Attending Scotland's premier university, I was confronted with criticism of Israel that my American education taught me to be at odds with "Western values." It forced me to read more widely, to question what before I had quite blindly accepted. I noticed the biases in various media outlets, the powerful message hidden beneath seemingly neutral four-word titles. I was always careful to remain level-headed, not to resort to the dismissively ignorant responses of friends who had never been to Israel or the Palestinian Territories (or Palestine, as Europeans call it), who had never met an Israeli or a Palestinian and had never bothered to try and understand the unending complexities of the situation.
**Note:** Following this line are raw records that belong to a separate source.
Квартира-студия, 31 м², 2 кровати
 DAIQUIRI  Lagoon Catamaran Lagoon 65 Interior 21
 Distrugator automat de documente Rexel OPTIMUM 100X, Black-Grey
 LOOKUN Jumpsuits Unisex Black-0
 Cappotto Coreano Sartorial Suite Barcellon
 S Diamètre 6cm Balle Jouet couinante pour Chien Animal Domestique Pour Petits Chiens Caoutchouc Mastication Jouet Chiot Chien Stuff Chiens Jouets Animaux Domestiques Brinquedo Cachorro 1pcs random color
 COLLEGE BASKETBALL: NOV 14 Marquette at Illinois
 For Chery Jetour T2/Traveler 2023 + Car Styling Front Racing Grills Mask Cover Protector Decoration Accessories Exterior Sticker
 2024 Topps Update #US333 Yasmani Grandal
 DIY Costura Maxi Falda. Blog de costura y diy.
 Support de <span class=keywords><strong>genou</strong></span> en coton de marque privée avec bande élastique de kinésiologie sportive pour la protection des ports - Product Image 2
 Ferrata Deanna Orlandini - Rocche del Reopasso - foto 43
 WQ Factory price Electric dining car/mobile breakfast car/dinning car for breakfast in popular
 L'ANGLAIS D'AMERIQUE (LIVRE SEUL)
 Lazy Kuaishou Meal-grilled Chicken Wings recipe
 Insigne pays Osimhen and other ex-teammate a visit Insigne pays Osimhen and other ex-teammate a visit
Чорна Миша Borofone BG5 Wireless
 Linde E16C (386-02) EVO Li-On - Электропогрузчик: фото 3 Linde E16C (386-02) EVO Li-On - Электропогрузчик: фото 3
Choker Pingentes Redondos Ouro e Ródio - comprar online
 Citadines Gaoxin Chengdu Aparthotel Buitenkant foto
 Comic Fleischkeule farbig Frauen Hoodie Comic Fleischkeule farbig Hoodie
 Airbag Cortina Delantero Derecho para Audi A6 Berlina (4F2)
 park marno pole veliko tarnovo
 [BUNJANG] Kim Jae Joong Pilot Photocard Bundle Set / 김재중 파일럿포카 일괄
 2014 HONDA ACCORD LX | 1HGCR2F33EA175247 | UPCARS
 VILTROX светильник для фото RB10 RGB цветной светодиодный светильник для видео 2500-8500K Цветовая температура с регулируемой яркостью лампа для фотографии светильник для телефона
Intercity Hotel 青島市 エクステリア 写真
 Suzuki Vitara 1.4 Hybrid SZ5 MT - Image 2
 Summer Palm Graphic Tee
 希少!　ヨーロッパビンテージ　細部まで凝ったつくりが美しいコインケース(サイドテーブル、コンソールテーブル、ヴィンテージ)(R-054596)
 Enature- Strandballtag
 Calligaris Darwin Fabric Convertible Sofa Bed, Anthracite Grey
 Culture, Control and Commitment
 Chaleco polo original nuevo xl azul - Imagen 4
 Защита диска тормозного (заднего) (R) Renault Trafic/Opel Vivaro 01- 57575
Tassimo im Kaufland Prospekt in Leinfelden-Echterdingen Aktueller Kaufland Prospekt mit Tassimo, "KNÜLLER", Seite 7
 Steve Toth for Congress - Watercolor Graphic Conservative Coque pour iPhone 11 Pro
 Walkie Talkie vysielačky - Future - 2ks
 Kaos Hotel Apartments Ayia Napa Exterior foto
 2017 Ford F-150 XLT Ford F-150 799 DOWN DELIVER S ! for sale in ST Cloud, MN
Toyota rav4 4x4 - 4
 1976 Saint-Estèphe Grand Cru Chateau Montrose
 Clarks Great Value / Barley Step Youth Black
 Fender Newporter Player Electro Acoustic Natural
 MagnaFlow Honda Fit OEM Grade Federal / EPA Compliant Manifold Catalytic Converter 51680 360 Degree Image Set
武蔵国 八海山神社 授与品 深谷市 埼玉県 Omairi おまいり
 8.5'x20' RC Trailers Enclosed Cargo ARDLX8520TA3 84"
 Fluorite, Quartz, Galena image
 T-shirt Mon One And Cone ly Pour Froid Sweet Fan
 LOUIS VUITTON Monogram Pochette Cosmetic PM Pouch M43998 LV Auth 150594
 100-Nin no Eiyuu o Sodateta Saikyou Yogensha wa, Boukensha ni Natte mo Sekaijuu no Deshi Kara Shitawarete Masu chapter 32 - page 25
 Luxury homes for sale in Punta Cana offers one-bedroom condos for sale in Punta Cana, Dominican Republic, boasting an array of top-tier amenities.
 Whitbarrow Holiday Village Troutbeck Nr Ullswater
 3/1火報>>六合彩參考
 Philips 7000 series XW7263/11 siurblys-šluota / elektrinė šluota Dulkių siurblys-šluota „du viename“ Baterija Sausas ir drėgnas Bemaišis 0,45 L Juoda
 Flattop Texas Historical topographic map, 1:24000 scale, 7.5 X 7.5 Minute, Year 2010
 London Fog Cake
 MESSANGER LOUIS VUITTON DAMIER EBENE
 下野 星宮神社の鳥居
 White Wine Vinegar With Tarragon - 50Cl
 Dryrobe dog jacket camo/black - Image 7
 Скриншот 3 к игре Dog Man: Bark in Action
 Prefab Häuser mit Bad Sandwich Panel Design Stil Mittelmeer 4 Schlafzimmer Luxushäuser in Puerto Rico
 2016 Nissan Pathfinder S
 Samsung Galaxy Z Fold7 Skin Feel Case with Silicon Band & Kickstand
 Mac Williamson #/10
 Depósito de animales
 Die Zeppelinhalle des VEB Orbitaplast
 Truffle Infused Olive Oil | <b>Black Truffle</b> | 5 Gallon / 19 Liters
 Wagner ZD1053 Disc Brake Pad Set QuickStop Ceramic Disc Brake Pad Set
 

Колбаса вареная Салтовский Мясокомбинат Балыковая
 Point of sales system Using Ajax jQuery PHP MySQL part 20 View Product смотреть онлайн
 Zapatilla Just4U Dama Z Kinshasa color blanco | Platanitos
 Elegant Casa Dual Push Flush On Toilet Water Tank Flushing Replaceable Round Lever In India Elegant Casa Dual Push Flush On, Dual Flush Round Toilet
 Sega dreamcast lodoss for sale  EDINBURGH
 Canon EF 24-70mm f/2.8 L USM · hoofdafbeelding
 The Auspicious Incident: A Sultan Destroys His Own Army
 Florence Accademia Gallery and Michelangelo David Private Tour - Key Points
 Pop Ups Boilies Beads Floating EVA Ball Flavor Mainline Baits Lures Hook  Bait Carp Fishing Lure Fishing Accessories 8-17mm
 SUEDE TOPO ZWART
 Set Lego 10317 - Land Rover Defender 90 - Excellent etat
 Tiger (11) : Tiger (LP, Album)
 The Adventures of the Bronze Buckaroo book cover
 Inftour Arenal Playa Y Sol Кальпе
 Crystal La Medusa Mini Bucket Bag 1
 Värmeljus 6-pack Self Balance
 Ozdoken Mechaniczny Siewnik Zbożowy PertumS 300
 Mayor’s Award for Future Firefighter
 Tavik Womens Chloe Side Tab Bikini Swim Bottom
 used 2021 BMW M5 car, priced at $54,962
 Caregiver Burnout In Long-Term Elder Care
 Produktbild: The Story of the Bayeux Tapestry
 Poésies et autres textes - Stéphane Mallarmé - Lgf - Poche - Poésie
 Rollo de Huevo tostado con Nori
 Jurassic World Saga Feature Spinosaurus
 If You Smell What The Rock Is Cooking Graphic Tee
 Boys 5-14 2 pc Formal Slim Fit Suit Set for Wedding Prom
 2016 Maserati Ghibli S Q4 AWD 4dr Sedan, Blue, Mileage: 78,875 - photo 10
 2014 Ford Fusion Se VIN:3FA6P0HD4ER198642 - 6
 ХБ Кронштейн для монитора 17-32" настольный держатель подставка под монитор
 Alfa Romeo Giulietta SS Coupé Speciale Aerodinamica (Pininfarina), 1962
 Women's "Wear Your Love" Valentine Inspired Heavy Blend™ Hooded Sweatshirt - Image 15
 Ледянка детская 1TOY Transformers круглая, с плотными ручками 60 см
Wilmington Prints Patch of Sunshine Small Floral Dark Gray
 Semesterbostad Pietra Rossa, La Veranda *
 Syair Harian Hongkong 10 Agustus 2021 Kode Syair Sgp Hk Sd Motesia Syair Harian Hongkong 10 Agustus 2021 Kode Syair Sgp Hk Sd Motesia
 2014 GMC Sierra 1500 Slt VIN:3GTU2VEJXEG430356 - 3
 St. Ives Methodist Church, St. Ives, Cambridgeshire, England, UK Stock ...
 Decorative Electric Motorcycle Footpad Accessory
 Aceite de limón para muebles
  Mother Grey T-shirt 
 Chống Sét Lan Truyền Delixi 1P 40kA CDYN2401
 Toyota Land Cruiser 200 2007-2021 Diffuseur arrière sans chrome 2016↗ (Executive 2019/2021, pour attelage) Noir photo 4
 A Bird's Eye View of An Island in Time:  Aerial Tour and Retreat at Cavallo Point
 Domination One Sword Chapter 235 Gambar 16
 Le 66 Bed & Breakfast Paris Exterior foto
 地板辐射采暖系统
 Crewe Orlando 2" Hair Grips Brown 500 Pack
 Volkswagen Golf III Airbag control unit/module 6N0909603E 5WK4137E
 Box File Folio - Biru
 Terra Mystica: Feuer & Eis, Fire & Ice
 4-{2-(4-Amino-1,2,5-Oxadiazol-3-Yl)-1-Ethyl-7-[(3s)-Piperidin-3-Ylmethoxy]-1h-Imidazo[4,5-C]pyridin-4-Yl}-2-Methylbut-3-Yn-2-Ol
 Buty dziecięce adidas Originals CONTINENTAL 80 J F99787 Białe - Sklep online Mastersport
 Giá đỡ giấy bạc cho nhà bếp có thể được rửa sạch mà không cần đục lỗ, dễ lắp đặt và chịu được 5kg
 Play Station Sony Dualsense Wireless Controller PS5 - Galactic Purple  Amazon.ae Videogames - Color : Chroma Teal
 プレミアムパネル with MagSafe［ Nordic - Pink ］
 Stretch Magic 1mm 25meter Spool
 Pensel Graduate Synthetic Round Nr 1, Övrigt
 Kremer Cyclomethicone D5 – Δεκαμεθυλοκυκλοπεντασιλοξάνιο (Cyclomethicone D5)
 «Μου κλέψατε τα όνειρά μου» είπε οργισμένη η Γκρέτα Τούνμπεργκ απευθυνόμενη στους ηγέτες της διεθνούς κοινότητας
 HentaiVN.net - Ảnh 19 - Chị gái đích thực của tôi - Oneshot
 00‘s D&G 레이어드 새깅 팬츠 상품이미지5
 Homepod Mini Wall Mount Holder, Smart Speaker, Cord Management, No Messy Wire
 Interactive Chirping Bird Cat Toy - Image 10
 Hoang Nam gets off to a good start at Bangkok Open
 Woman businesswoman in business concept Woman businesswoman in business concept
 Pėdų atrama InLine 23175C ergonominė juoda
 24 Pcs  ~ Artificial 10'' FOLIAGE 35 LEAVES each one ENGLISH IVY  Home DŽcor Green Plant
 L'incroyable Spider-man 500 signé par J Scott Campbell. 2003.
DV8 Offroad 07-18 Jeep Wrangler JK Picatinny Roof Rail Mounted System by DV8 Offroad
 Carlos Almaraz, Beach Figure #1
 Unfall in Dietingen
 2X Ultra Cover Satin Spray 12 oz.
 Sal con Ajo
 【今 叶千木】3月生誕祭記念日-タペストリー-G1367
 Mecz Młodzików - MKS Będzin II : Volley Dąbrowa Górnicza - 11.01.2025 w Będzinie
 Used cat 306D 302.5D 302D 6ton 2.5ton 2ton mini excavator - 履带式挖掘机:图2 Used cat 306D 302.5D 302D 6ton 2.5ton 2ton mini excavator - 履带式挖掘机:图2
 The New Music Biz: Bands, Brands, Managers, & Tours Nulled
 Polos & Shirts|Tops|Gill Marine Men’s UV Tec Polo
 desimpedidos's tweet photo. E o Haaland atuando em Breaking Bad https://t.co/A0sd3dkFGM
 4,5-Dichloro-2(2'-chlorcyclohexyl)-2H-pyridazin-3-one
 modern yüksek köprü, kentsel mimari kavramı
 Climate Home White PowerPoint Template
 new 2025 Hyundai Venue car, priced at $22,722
Outside of America, I was exposed to a wide array of opinions on Israel. My support was increasingly tempered by humanitarian concerns. My stomach clenched as Prime Minister Benjamin Netanyahu's government authorized more and more settlements in the West Bank, when his haughty treatment of President Obama was flashed on television screens around the world. I can't stand the fanaticism that blinds Jews to the plight of their Arab neighbors. I support the complete dismantling of unannexed Jewish settlements past the Green Line, the forcible eviction of Israeli Jews if necessary, mirroring former Prime Minister Ariel Sharon in Gaza. As the dominant power in the region, Israel has the burden of moral exactitude -- she must sacrifice and suffer in the short term, in order for there to be any hope of prosperity and peace in the long. Yet upon hearing that Netanyahu had suspended peace talks with the Palestinians following the reconciliation of Fatah and Hamas, I found myself nodding along to a man whose political views I am so largely at odds with.
I couldn't help but agree with Netanyahu, as he sat calmly explaining the unique Israeli predicament to the BBC, because I understand where he's coming from. I'm not particularly religious. My family is a delightful mix of Jewish and Christian traditions and celebrations, I've never felt the urge to seek a Jewish romantic partner, but I know what it's like to be Jewish in a non-Jewish world. It's been more pronounced in Europe than in America -- here I've found myself a novelty, sometimes even fetishized.
For those who fit in without having to think, it's impossible to understand what Israel means. I've had British friends passionately refuse to believe that the United Kingdom is Christian. The lack of post on Sundays, the Queen's Christmas Address and the impossibility of finding Chanukah candles in St Andrews aren't noticeable to them, but to me they are reminders. They are reminders that this Jewish boy from Brooklyn is not totally at home, no matter how much I may look like my neighbors.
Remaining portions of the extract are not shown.